SOURCE RECORDS:

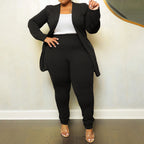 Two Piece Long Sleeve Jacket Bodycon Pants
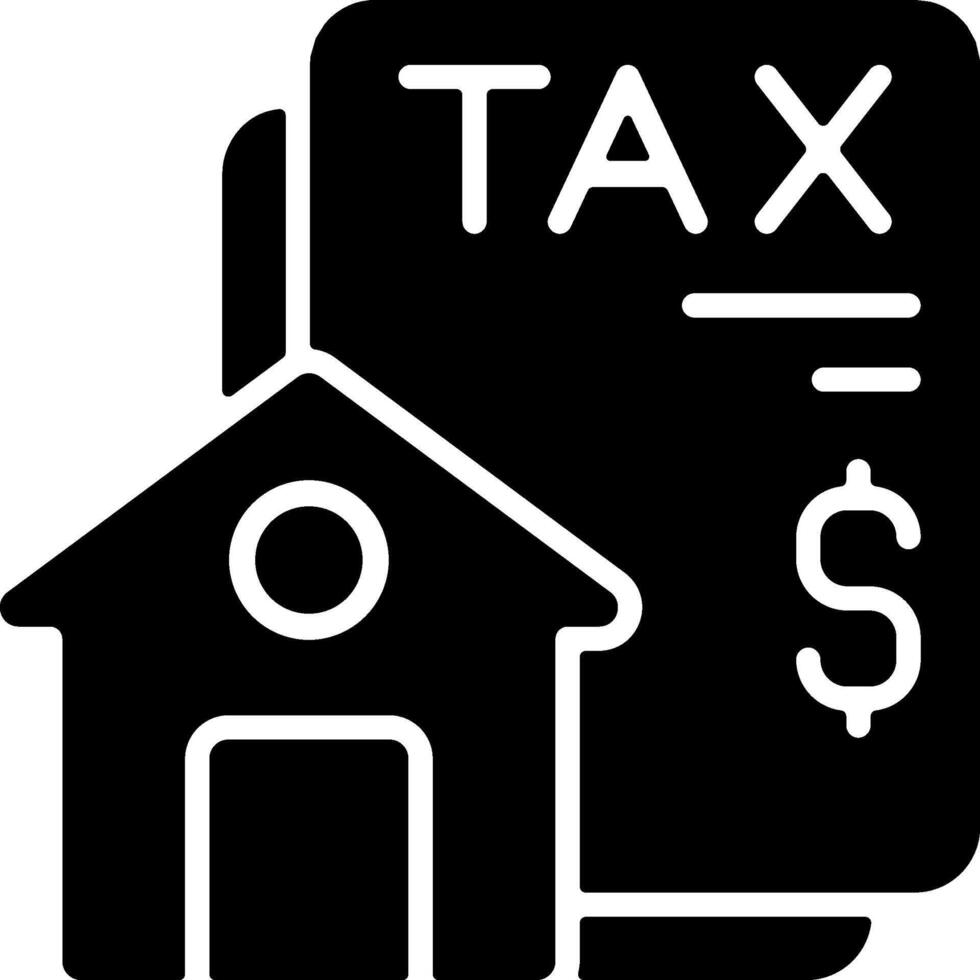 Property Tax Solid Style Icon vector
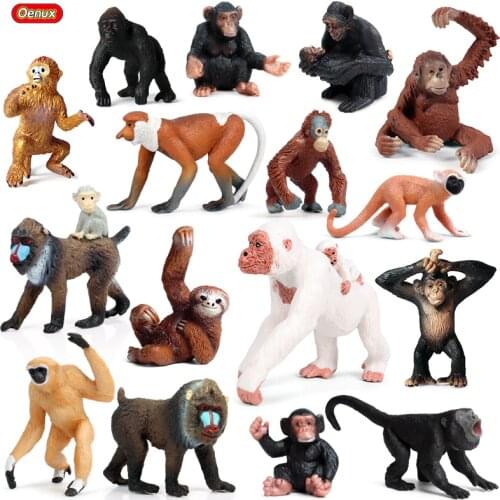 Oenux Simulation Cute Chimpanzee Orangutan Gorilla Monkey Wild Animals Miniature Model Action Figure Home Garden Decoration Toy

---

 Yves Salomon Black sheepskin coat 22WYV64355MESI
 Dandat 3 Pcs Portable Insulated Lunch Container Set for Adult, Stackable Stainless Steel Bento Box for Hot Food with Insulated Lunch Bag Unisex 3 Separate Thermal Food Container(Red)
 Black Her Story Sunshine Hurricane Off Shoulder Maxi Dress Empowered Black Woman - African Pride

--

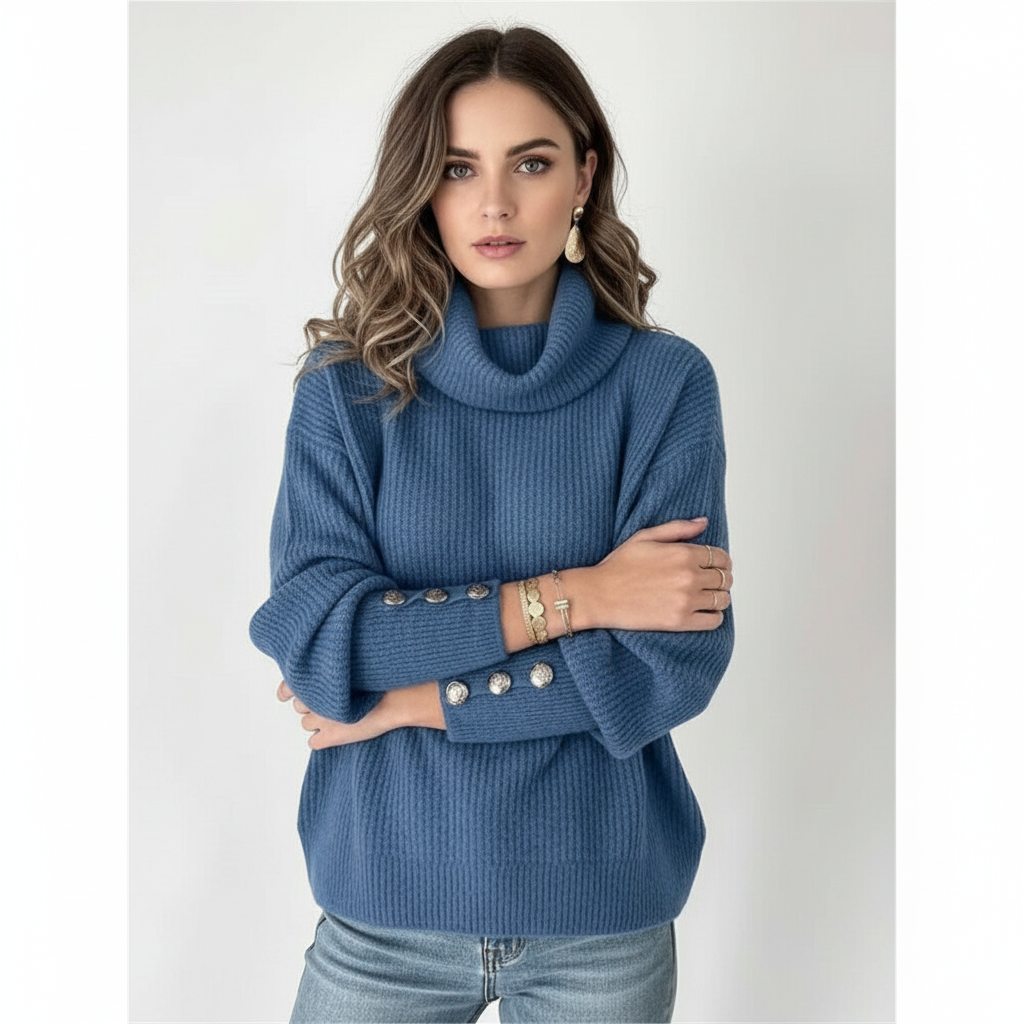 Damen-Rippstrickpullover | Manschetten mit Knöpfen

DIRECTIONS: Begin with the line above that has "Yves Salomon Black" and continue through the line that has "Black Her Story", setting each one down exactly. Stop there.

RESPONSE TO THIS EXERCISE:
 Yves Salomon Black sheepskin coat 22WYV64355MESI
 Dandat 3 Pcs Portable Insulated Lunch Container Set for Adult, Stackable Stainless Steel Bento Box for Hot Food with Insulated Lunch Bag Unisex 3 Separate Thermal Food Container(Red)
 Black Her Story Sunshine Hurricane Off Shoulder Maxi Dress Empowered Black Woman - African Pride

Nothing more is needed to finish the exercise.